During item 11d on the agenda, members of a committee who reviewed air quality proposals described their recommendation to Council of the combined proposal of Colorado State University and Ajax Analytics. Staff was seeking direction from Council if they could go ahead and negotiate a contract for it at a cost of approximately $1,762,768 for three years. As described, the testing will include state of the art monitoring equipment along with data transparency for the public. The Staff stated that they will use the data for:
1) information supporting emergency response actions
2) follow-up information to respond to citizen complaints and concerns
3) information supporting follow-up inspections to identify violations
4) data and trend analysis to support health decisions and possible regulatory and statutory changes
Monitoring equipment will include SUV based mobile vehicles to track plumes, 17 sensors placed on eight foot poles, canister monitoring, and hand-held devices. Council Member Kreeger questioned if the hourly data from the 17 sensors was adequate and the Staff said it would check into that further. There was also a question raised by resident Jean Lim about increasing the frequency of data posting from quarterly, with the Staff responding that this was not negotiated yet.
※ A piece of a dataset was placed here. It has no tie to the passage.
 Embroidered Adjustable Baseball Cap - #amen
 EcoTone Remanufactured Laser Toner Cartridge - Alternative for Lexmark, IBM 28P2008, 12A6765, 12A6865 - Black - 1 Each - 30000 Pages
The Staff also stated that the VOC level designating an “emergency response action” condition was not going to be stated in absolute numbers but in percentage of change due to the new technology’s variance in calibration.
The CDPHE also determined that it wants to place its CAMEL monitoring unit near the Livingston Pad for a baseline two weeks before the construction of the pad and two weeks during flowback. The Livingston Pad was chosen as a low level point of accumulation. Mayor Ahrens stated that Council was still discussing the possibility of relocating the Livingston Pad which would require the CDPHE to modify its plans if that happened.
Council Member Castriotta asked about how odor could be monitored. Staff member Laura Davis stated that it would be important for the public to report odor concerns in a timely manner with specific information but also added that it is difficult to correlate odor with health effects.
In the Staff’s pricing of soil gas testing around plugged and abandoned well sites, they differentiated between the cost of $100,800 to test all 72 such wells versus $60,200 to test 43 plugged and abandoned wells within 500 feet or less from a residence. Director of Special Initiative Tami Yellico stated that the first step would be to have Extraction pay for soil testing the wells it was required to test by the Operator Agreement. Council Member Shaff stated that it was adequate to have Phase I testing a certain number of wells but that it “should not be a maybe” that the rest eventually get tested.
In remarks by City Manager Ozaki regarding possible funds for air quality and soil testing, he stated that Broomfield has $2.2 million dollars of unallocated general funds that came from oil and gas property tax revenue generated since 2004.